Staff Site Reliability Engineer
Company Profile
Logicbroker provides modern dropship and marketplace solutions that connect retailers and brands to Connect, Orchestrate, and Grow their commerce platform to take control of their customer experience. Through curated expanded assortment, flexible integration tools, and automated onboarding procedures, Logicbroker clients enjoy unmatched speed-to-market capabilities. We work with mid-market and Enterprise manufacturers and retailers across a number of verticals including Health & Wellness, Home Improvement, Consumer Electronics, Toys & Babies, and Consumer Packaged Goods and service brands such as Samsung, Victoria’s Secret, Ace Hardware and more.
Position – Staff Site Reliability Engineer
As a Staff Site Reliability Engineer (SRE), you will lead the design and evolution of Logicbroker’s cloud infrastructure, observability, reliability, and performance frameworks. You’ll collaborate with engineering teams to build highly available, fault-tolerant services while driving automation, incident response improvements, and cloud cost optimizations. You will act as a technical authority on SRE best practices, mentor engineers, and ensure our systems meet and exceed customer SLAs.
Primary Duties and Responsibilities:
- Define and implement SLOs, SLIs, and error budgets across platform services.
- Architect and improve high-availability infrastructure, focusing on resiliency, self-healing, and scalability.
- Design disaster recovery (DR) and multi-region failover strategies to ensure business continuity.
- Establish performance and load testing frameworks to validate system scalability.
- Drive automation-first principles for infrastructure provisioning, deployments, and incident response (IaC, GitOps).
- Build automated recovery mechanisms and reduce toil by developing runbooks, scripts, and playbooks.
- Collaborate with engineering teams to design resilient microservices and event-driven systems.
- Optimize cloud costs and resource utilization while maintaining performance standards.

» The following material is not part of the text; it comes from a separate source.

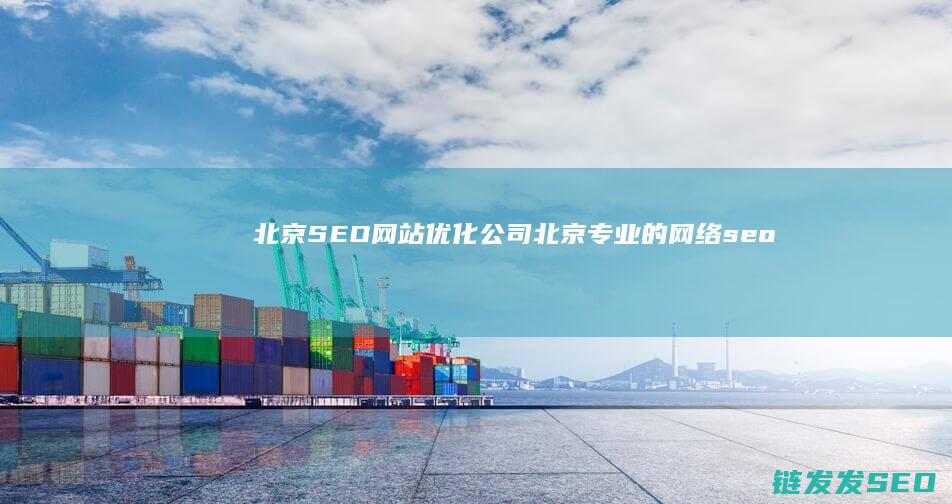北京SEO网站优化公司 (北京专业的网络seo)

- Evolve the monitoring, logging, and tracing
- Lead post-incident reviews (PIRs), ensuring actionable insights and prevention of recurrence.

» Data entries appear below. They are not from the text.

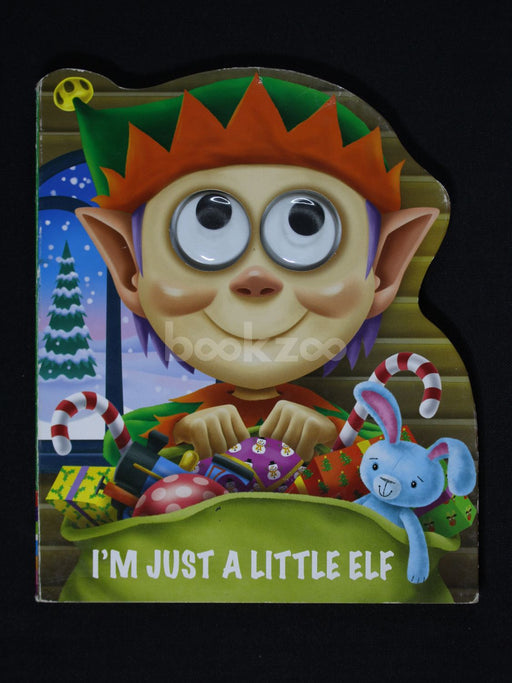 I'm Just A Little Elf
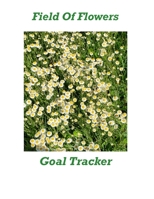Field Of Flowers Goal Tracker B084G3G91T Book Cover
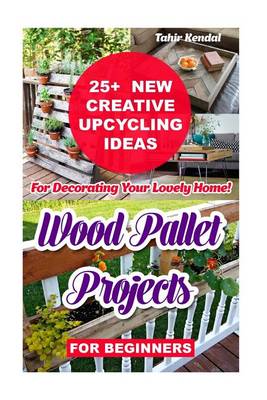 Book cover for Wood Pallet Projects for Beginners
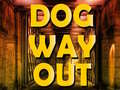 Hra Dog Way Out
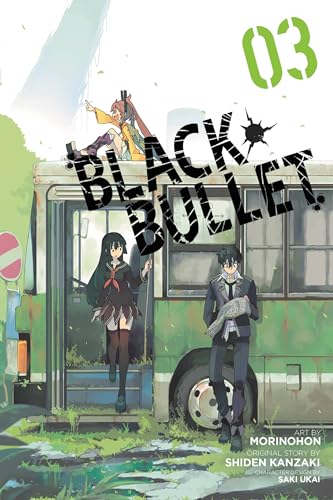 Black Bullet, Vol. 3 (manga): Volume 3 (BLACK BULLET GN, Band 3) von Yen Press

- Proactively detect reliability risks through synthetic monitoring and anomaly detection.
- Build real-time dashboards and alerts that give clear, actionable visibility into system health.

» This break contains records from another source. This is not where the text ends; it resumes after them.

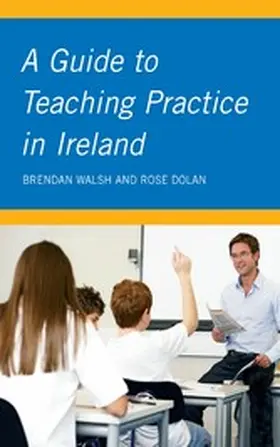 Walsh / Dolan |  A Guide to Teaching Practice in Ireland | eBook | Sack Fachmedien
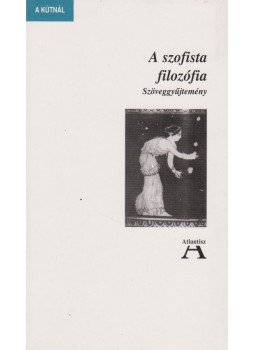 Steiger Kornél - A szofista filozófia Steiger Kornél - A szofista filozófia, Budapest 1993 antikvár könyv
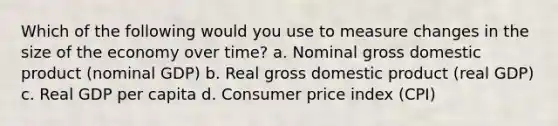 Which of the following would you use to measure changes in the size of the economy over time? a. Nominal gross domestic product (nominal GDP) b. Real gross domestic product (real GDP) c. Real GDP per capita d. Consumer price index (CPI)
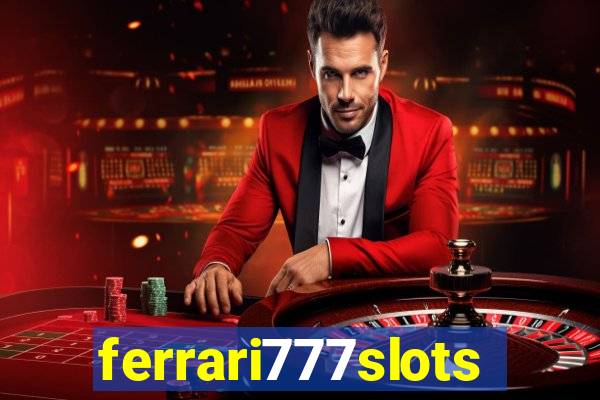 ferrari777slots.com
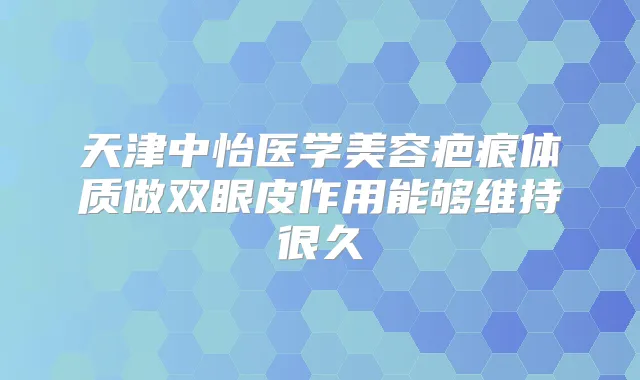 天津中怡医学美容疤痕体质做双眼皮作用能够维持很久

- Mentor and coach engineers on SRE best practices, fostering a reliability-focused culture.
- Lead cross-functional war rooms and incident response exercises.
- Contribute to hiring and onboarding of SRE and Platform engineers.
- Partner with engineering leadership to define long-term reliability strategies and roadmaps.
Essential Skills, Experience & Education
- Bachelor’s degree in Computer Science, Engineering, or related technical field.
- 10+ years of experience in software, DevOps, or SRE roles
- Expertise in cloud-native architectures (AWS, GCP, or Azure), including networking, load balancing, and scaling patterns.
- Strong proficiency with infrastructure-as-code tools (Terraform, CloudFormation, or Pulumi).
- Advanced experience with containers and orchestration (Docker, Kubernetes).
- Solid understanding of distributed systems, event-driven architectures, and fault tolerance patterns.
- Expertise with CI/CD pipelines, blue/green deployments, and zero-downtime strategies.
- Strong observability skills, with hands-on experience using tools like DataDog, Prometheus, Grafana, ELK, or OpenTelemetry.
- Experience conducting capacity planning, chaos engineering, and performance optimization.
- Proven ability to lead incident response efforts and guide root cause analysis.
- Familiarity with service meshes (Istio, Linkerd) and advanced Kubernetes networking.
- Experience with chaos engineering platforms (Gremlin, Litmus).
- Exposure to security hardening, compliance (SOC 2), and data privacy in distributed systems.
Compensation and Environment
Logicbroker offers a comprehensive retirement plan, workspace compensation, and more! Logicbroker embraces a truly remote work model. All Logicbroker employees will receive thorough training to kick-start their career with the organization, and help provide the tools needed to build a successful home workspace.
Logicbroker is an equal opportunity employer.